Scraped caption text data
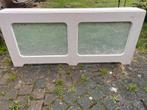 Radiator ombouw, Ophalen, 30 tot 80 cm, Gebruikt, Overige typen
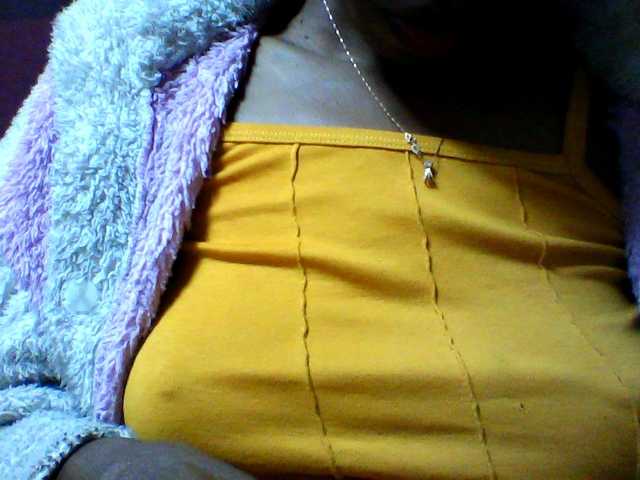 seths live cam on BongaCams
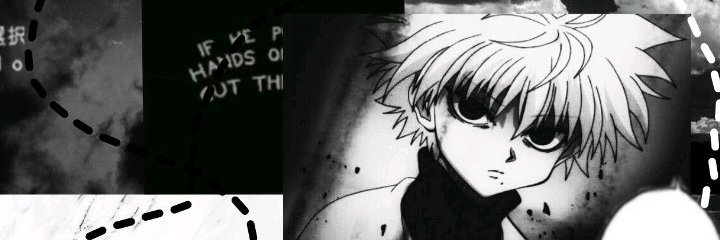 Carlirry's profile banner image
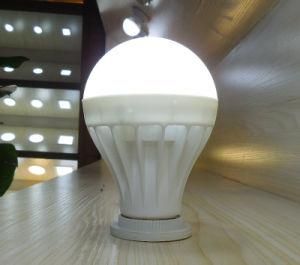 3W Interior Modern Lighting E27/B22 LED Bulbs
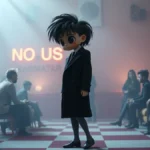 Como Tim Burton influenciou a moda e a cultura gótica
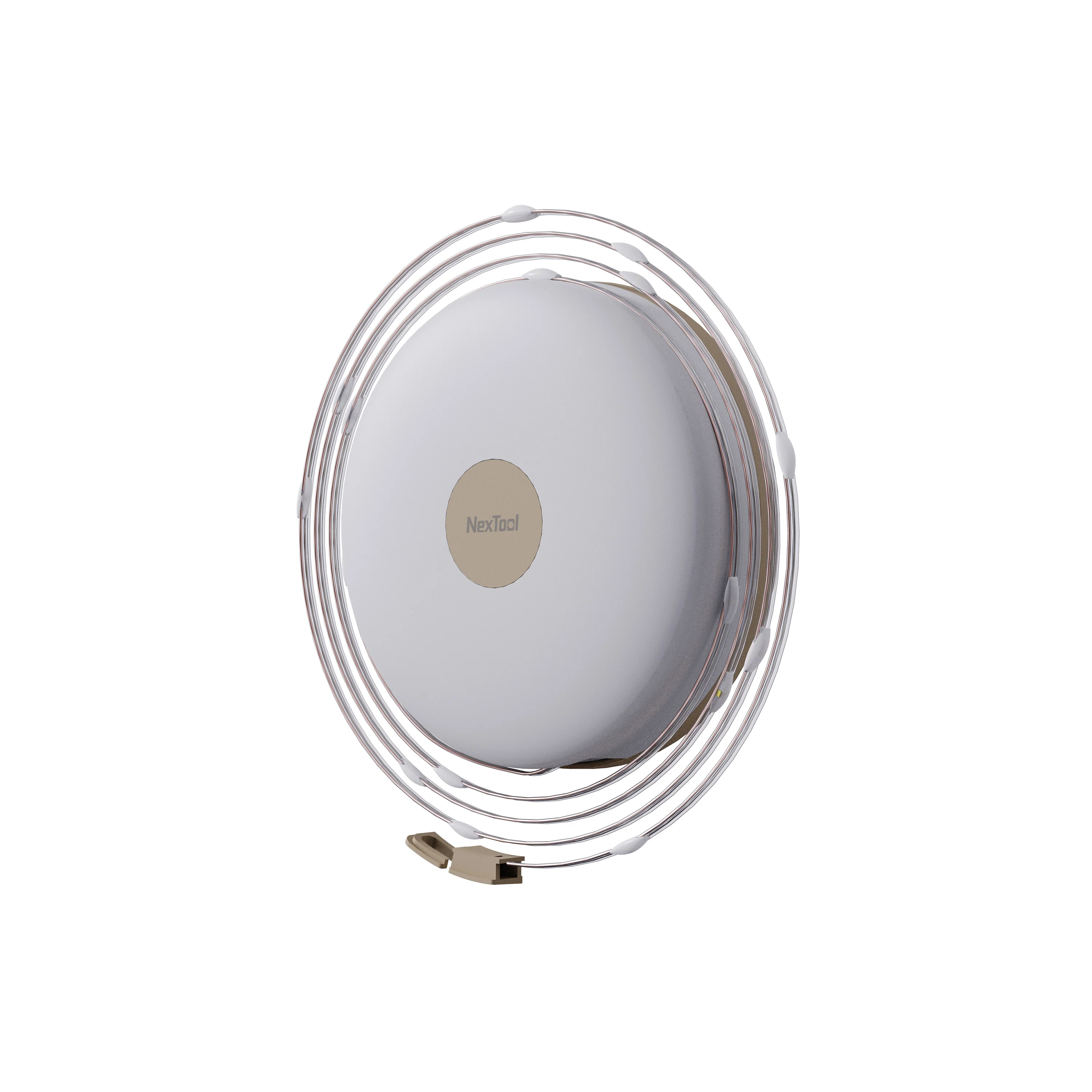 Milky Way Camping Lamp-Disco NexTool®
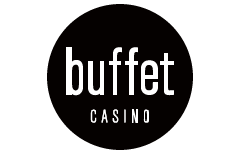 Buffet del Casino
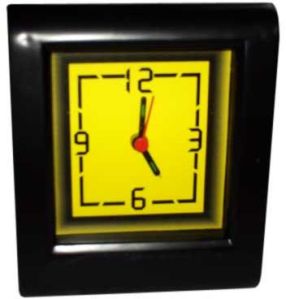 Designer Table Clock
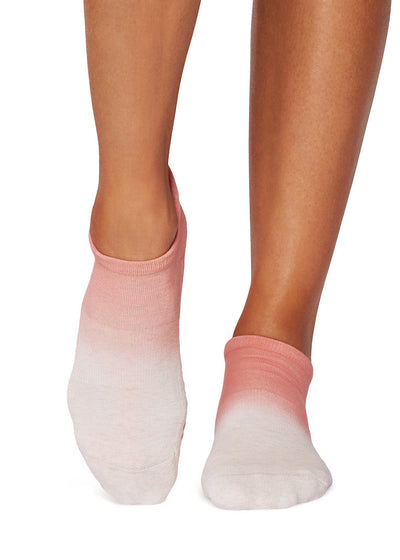 Savvy Grip Socks | Socks > Grip | Tavi – Tavi Active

» Work task: Repeat exactly the lines from the one containing "Buffet del Casino" to the last line of the records above, including both, and leave out any pictures.

» Answer to the exercise:
 Buffet del Casino
 Designer Table Clock
 Savvy Grip Socks | Socks > Grip | Tavi – Tavi Active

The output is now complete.